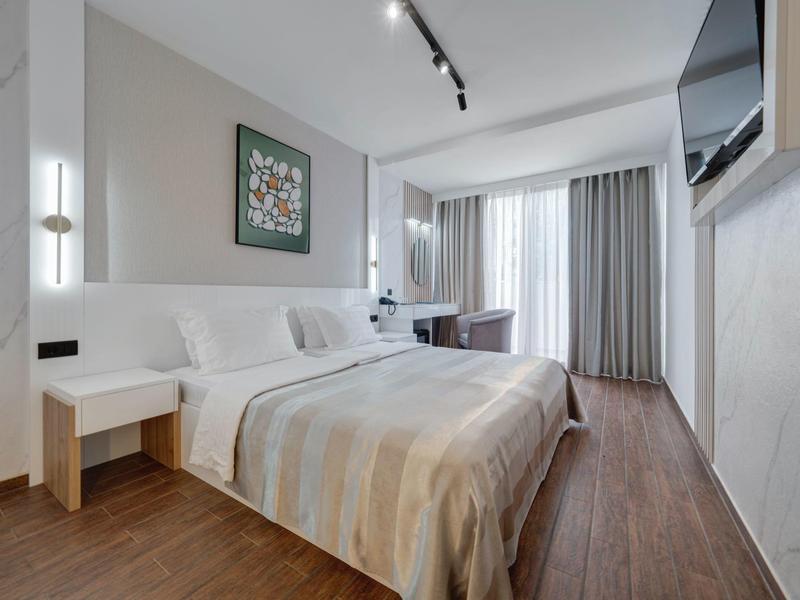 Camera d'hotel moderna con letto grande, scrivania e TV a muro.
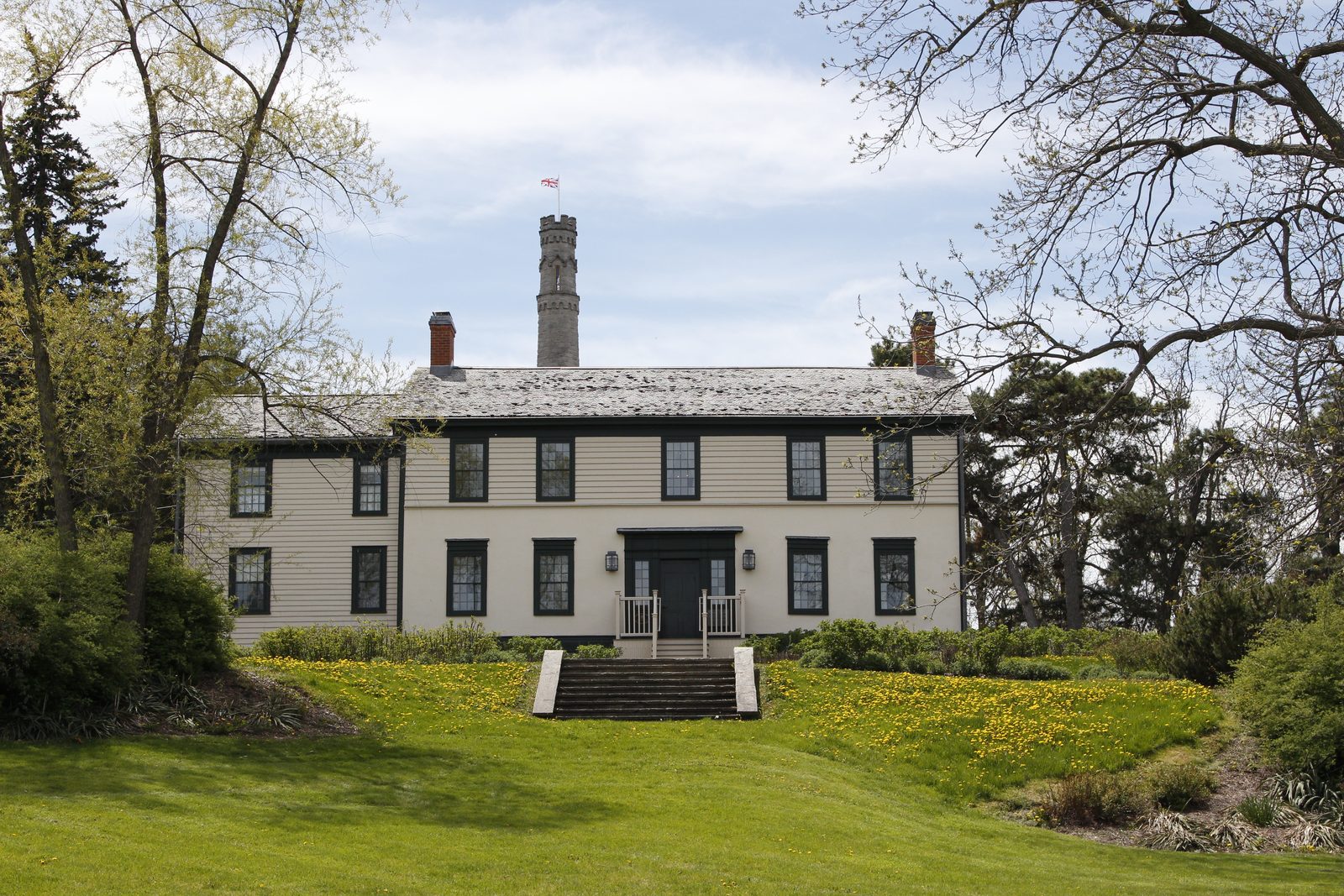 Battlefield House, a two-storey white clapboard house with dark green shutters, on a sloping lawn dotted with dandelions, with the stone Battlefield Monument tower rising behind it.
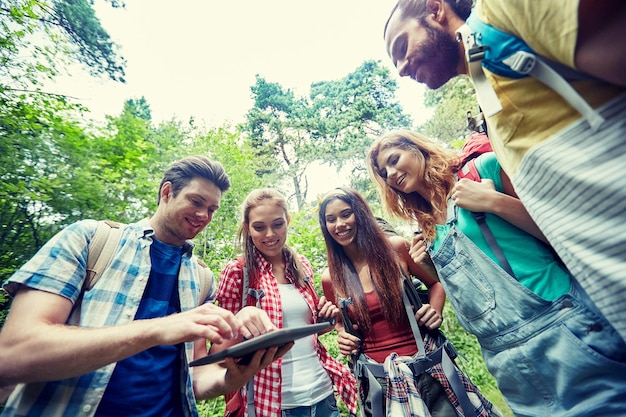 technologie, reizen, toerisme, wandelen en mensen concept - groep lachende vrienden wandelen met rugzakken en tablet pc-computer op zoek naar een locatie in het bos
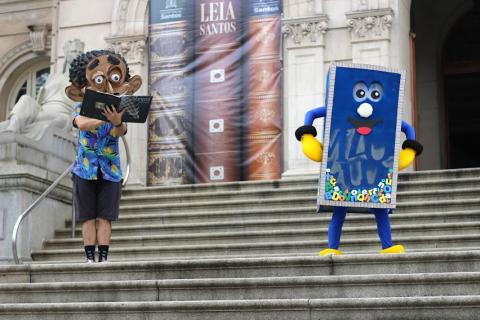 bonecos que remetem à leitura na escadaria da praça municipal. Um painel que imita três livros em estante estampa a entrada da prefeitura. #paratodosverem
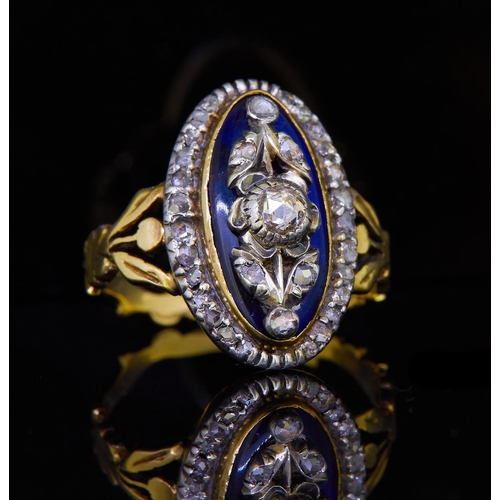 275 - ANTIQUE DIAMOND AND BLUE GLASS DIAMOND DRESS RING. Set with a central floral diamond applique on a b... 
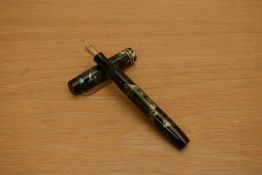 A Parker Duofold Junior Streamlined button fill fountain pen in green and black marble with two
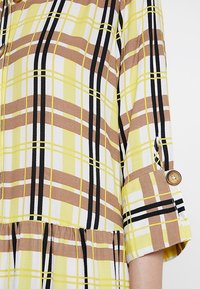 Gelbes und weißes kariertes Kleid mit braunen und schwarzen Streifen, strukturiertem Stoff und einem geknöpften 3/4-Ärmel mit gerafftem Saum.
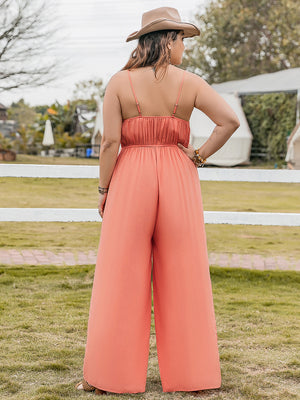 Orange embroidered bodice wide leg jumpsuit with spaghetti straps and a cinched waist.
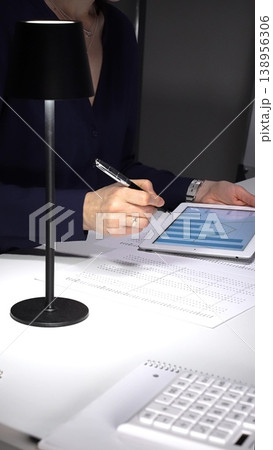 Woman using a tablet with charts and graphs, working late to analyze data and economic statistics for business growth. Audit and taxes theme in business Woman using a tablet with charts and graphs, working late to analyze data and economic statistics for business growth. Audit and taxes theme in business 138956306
________________________________________
**Exercise directions:** Output the listing above exactly, pictures omitted.

**Exercise answer:**
 Camera d'hotel moderna con letto grande, scrivania e TV a muro.
 Battlefield House, a two-storey white clapboard house with dark green shutters, on a sloping lawn dotted with dandelions, with the stone Battlefield Monument tower rising behind it.
 technologie, reizen, toerisme, wandelen en mensen concept - groep lachende vrienden wandelen met rugzakken en tablet pc-computer op zoek naar een locatie in het bos
 bonecos que remetem à leitura na escadaria da praça municipal. Um painel que imita três livros em estante estampa a entrada da prefeitura. #paratodosverem
 275 - ANTIQUE DIAMOND AND BLUE GLASS DIAMOND DRESS RING. Set with a central floral diamond applique on a b... 
 A Parker Duofold Junior Streamlined button fill fountain pen in green and black marble with two
 Gelbes und weißes kariertes Kleid mit braunen und schwarzen Streifen, strukturiertem Stoff und einem geknöpften 3/4-Ärmel mit gerafftem Saum.
 Orange embroidered bodice wide leg jumpsuit with spaghetti straps and a cinched waist.
 Woman using a tablet with charts and graphs, working late to analyze data and economic statistics for business growth. Audit and taxes theme in business Woman using a tablet with charts and graphs, working late to analyze data and economic statistics for business growth. Audit and taxes theme in business 138956306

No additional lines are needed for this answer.